Memukul itu tidak bermakna kesal. Itu adalah bukti nyata bahwa kita perhatian
kepada anak. Walau itu semua, tindakan yang mungkin agak keras, adalah jalan
terakhir bila anak memang sudah sangat susah untuk dikendalikan. Sekali lagi,
itu jalan terakhir.
Maka seharusnya kita hanya perlu melakukan apa yang sebenarnya harus dan perlu
untuk dilakukan. Kita tidak bisa menuruti kemauan anak yang liar dan tak ada
batas. Pendidikan tidak mengajarkan seperti itu.
Dan itu pun sama dengan
yang dilakukan nabi. Kepada anaknya pun tegas. Ketika anak beliau menginginkan
seorang pembantu untuk mengurusi rumahnya, yang dilakukan Rasulullah bukan
memberinya budak. Malah beliau mengajarkan dzikir agar dicukupkan hidupnya.

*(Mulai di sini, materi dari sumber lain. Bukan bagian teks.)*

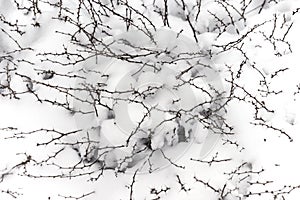Bush with tiny thorn branches covered in powder snow during storm, winter background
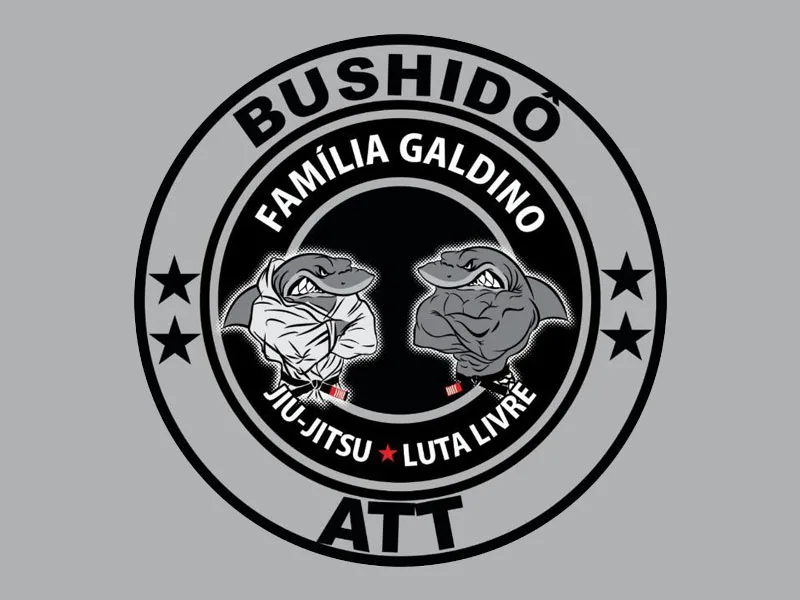 Foto de Escola de Lutas Família Galdino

Intinya, cinta itu harus dilandasi dengan iman dan ilmu. Ketika cinta hanya
sekadar cinta, hasilnya bisa berbahaya. Cinta itu sendiri yang akan membunuh
kita akhirnya. Namun cinta yang dilandasi oleh iman dan ilmu. Kita tahu apa
yang perlu dilakukan. Dan kita yakin bahwa itu benar untuk dilakukan.
Hati kita juga mantab bahwa Allah-lah yang akan menjaganya. Maka kita tidak perlu takut untuk memberinya segenap pendidikan. Kita tidak risau untuk memberinya tantangan dan pelajaran. Karena itu demi kebaikan. Terpisah jauh untuk pendidikan, hanya perlu bersabar. Tidak perlu kasihan, semuanya akan baik-baik saja dan terkendali. Memang cinta itu buktinya adalah memberi. Memberikan sesuatu yang terbaik yang bisa diberikan. Bukan sembarangan. Wallahua’alam.